Одним из самых молодых, явившихся ко мне с своей первой рукописью, был юморист Лейкин, впоследствии сделавшийся очень популярным беллетристом и умерший богатым человеком от экономии из своих писательских заработков.
Помню, ко мне в гостиную вошел брюнетик, франтовато одетый, в красном галстуке, тогда еще худощавый, приятной наружности и совсем еще не хромой.
Он смотрел контористом и действительно был купеческого звания и служил в какой-то иностранной экспортной конторе.
Эта служба дала ему богатый материал для изучения нравов нашего мелкого купечества.
Он и написал свои очерки «Господа апраксинцы» и принес их редактору «Библиотеки», про которого пошла молва, что он хорошо платит, а главное, дает авансы.
Про то рассказывал сам Лейкин незадолго до смерти в своих воспоминаниях.
Я сейчас же, не отдавая рукописи Эдельсону, распознал живую наблюдательность и бойкий жаргонный язык начинающего гостинодворца и стал печатать его «Апраксинцев» в первых же книжках, вышедших под моей редакцией.
С тех пор Лейкин, сколько помню, долго не приносил нам ничего. Но эта первая его вещь, напечатанная в большом журнале, дала ему сразу ход, и он превратился в присяжного юмориста из купеческого быта в органах мелкой прессы, которая тогда только начала складываться в то, чем она стала позднее.

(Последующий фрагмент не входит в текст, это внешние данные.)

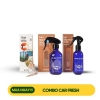 Combo Carfresh Fuwa3e
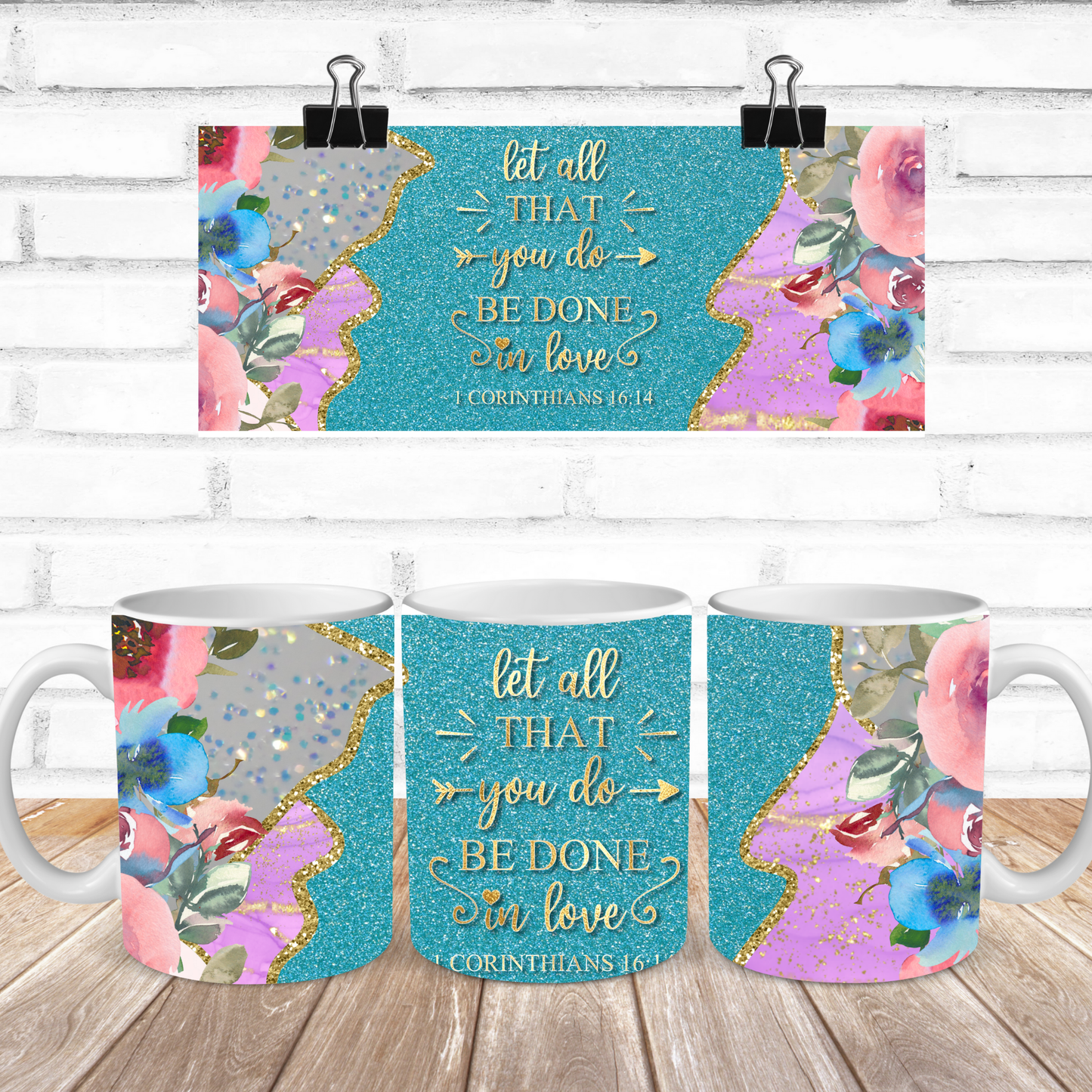 Let All That You Do Be Done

И Лейкин умер первым сюжетом увеселительной газетной беллетристики, сумевшим свою купеческую смекалку пустить в оборот с чрезвычайной плодовитостью и доходностью. Про него можно было сказать не только: «nulla dies sine linea» (ни дня без строчки), но и «ни одного дня без целого нового рассказа».
Встретился я с ним уже много лет спустя, когда он потолстел и стал хромать, был уже любимцем Гостиного двора, офицеров и чиновников, писал кроме очерков и рассказов и бытовые пьески, сделал себе и репутацию вивёра, любящего кутнуть, способного произвести скандалец где-нибудь у немцев, в Шустер-клубе.
Но он «рассудку» не терял, нажил себе доходный дом и дачу, где пристрастился к разведению редких пород кур, которые и посылал на выставки.
Всего раз привелось мне, уже в конце XIX века, быть у него в его собственном доме и видеть его обстановку.
Это было по поводу нашего совместного участия в ревизионной комиссии одного писательского общества.
Он и дома, в обширном кабинете, забавлял себя всякими юмористическими выдумками.
У него были целых четыре моськи. Он приучил их лежать у четырех ножек стола и, указывая мне на них, говорил:
— Прозвал я их, Петр Дмитриевич, «поюще, вопиюще, взывающе и глаголюще».
Так и прожил свой удачный писательский век благообразный конторист в красном галстуке, явившийся ко мне с «Апраксинцами», которых он потом столько лет всячески забавлял.